Envoûtée, ensorcelée par mon roman du moment. Ce n’est pas la première fois, me direz-vous. Mais chaque fois, c’est comme si c’était la première fois. L’envoûtement est magique, il n’y a que çà à savoir.
Je suis actuellement habitée par Dans la main du Diable d’Anne Marie Garat. Le roman n’est pas encore terminé, mais je suis tous les jours en train de m’envoler vers cette année 1913. Je vous ferai prochainement une critique sur le site de LaMainEnchantée.
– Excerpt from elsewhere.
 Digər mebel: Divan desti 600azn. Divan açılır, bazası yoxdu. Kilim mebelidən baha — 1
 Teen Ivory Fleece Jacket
Je ne vois plus le Paris d’aujourd’hui, empli de voitures et couvert de pollution, mais je le vois avec ses garçons porteurs de journaux, ses maisons, et les campagnes à juste quelques kilomètres de Paris. J’imagine les dames et leur chapeau ornés de voilettes, leurs gants immaculés, leur coiffure sophistiquée… Le livre me sert de filtre pour voir au-delà d’aujourd’hui, les âmes passées hier…
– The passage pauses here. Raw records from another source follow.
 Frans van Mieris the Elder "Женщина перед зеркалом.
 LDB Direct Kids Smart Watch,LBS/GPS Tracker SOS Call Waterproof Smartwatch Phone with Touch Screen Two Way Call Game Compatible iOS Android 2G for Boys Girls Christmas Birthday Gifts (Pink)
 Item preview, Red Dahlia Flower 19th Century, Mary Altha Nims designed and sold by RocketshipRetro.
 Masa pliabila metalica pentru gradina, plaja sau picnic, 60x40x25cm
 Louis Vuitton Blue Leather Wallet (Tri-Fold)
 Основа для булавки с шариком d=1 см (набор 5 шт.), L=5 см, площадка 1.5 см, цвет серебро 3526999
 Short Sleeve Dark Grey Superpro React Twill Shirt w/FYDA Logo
Il arrive parfois que la lecture nous transporte vers des univers que l’on n’aurait jamais imaginé accessibles. Parfois plonger dans un livre jusqu’à en être submergé, nous met dans un état semi-végétatif. Le monde se déroule dans sa plus parfaite banalité quotidienne mais notre âme, elle, reste prisonnière de plein gré d’un pavé de plusieurs centaines de pages. Le phénomène est encore plus impressionnant lorsque le livre en question déroule une histoire située dans une époque passée.
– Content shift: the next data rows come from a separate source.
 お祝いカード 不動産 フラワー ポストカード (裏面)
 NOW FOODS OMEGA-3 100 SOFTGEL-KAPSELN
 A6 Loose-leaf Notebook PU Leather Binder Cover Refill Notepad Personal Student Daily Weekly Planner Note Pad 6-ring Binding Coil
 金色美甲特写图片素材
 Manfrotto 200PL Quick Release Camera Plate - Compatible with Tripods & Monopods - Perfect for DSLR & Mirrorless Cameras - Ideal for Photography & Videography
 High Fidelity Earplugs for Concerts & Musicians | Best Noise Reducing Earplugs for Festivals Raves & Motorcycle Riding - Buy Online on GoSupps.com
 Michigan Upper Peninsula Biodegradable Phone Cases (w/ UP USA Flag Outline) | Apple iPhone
Les romans historiques ne sont pas toujours ceux que l’on croit : poussiéreux, jaunis, et entassés dans les armoires de nos grands-parents. Il suffit parfois simplement d’un roman contemporain où l’écrivain utilise l’histoire de sa famille pour en faire le coeur de l’intrigue. Certains personnages sont si forts, certains paysages si évocateurs, qu’il suffit de les suivre dans leur pérégrinations quotidiennes pour voyager. Prenez par exemple Au bord des cendres de Jean-François Bouygues qui narre la vie d’une famille entre 1936 et 1945. A chaque ouverture de ce livre, j’avais la sensation de prendre un train pour l’histoire d’une famille française, entre attentisme, résistance et collaboration, en temps de Seconde Guerre Mondiale. Un voyage, un dépaysement, un coeur qui est ailleurs qu’ici, si loin et si près en même temps. Cette lecture fût si intense que les larmes m’en ont coulé une heure durant après la lecture de la dernière page.
Il suffit d’un rien pour sentir battre son coeur en parfaite symbiose avec le personnage principal d’une de ces époques passées du XXème siècle, qui ne sont que deux ou trois générations au-dessus de nous. Juste quelques mots, quelques pages, un monde fait d’images que la langue française construit.